(Short text fragments from websites)
......
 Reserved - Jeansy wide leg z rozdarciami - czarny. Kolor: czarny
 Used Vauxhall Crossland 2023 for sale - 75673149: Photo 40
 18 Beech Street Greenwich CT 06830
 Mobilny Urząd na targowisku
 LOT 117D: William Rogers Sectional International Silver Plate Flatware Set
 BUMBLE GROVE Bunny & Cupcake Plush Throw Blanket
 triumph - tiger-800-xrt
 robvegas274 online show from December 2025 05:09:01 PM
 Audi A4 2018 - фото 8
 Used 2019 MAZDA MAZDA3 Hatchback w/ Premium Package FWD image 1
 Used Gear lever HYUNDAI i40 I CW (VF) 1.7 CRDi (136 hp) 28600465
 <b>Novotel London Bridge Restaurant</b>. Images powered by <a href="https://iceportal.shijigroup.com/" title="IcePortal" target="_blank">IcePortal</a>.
......
TO DO -> All lines above that include the word "Used" should be located and copied.

EXERCISE ANSWER ->
 Used Vauxhall Crossland 2023 for sale - 75673149: Photo 40
 Used 2019 MAZDA MAZDA3 Hatchback w/ Premium Package FWD image 1
 Used Gear lever HYUNDAI i40 I CW (VF) 1.7 CRDi (136 hp) 28600465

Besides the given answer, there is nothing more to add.